No pictures belong in the result; set down exactly the lines from the one containing "3301 Canterbury Dr — Photo 21" through the final line of the listing, and nothing more.
Data below Block Start
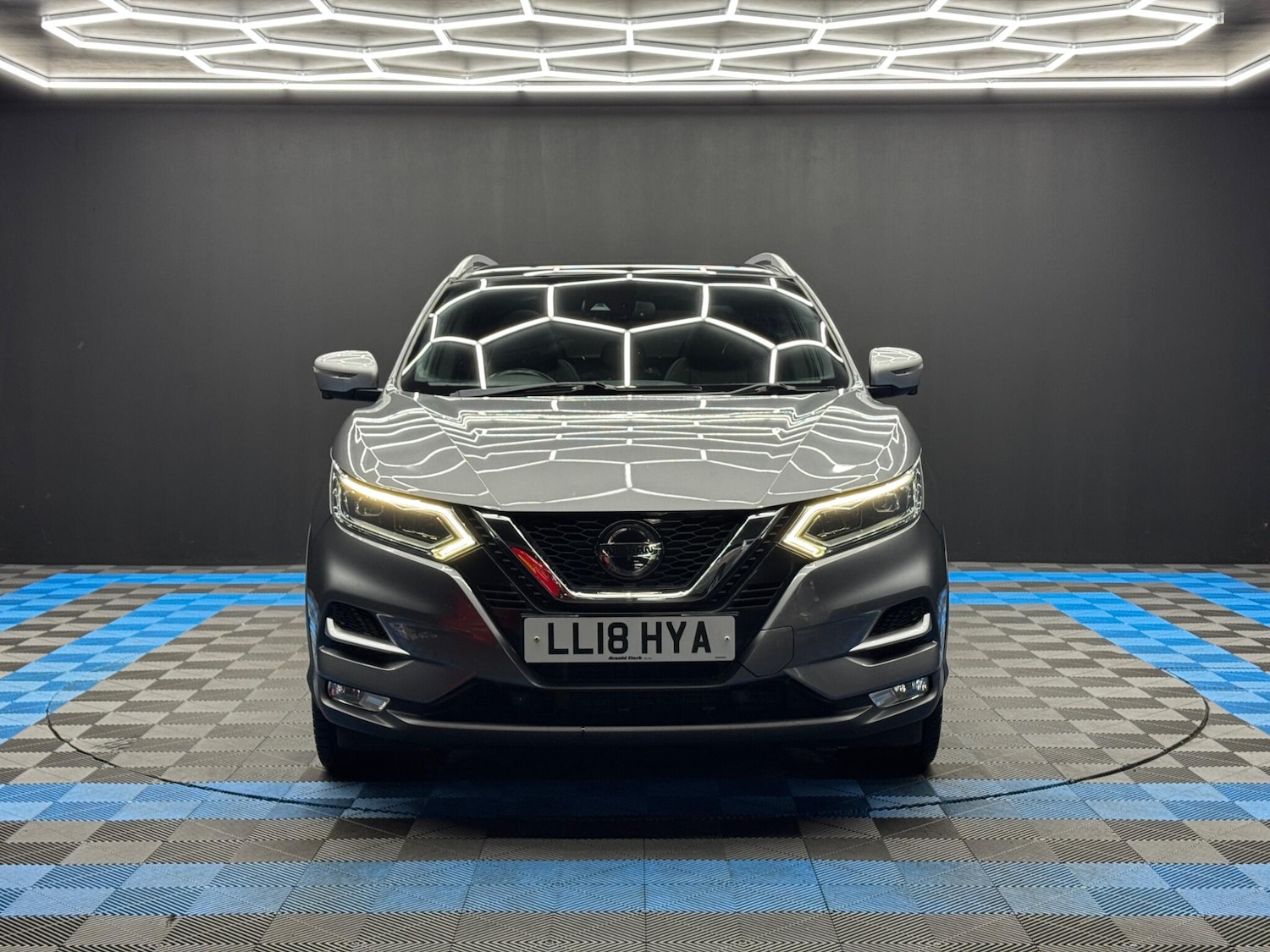 Used Nissan Qashqai 2018 for sale - 77305333: Photo 2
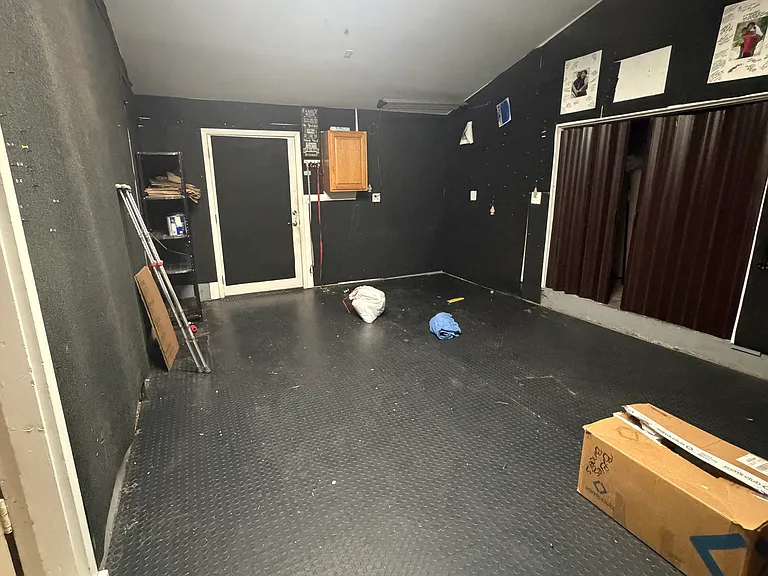 3301 Canterbury Dr — Photo 21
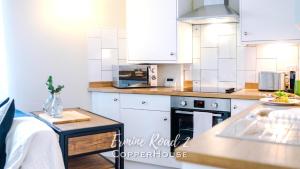 Kuchyň nebo kuchyňský kout v ubytování Designer apartments for City Breaks in Chester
Data below Block End
> [Answer box]
 3301 Canterbury Dr — Photo 21
 Kuchyň nebo kuchyňský kout v ubytování Designer apartments for City Breaks in Chester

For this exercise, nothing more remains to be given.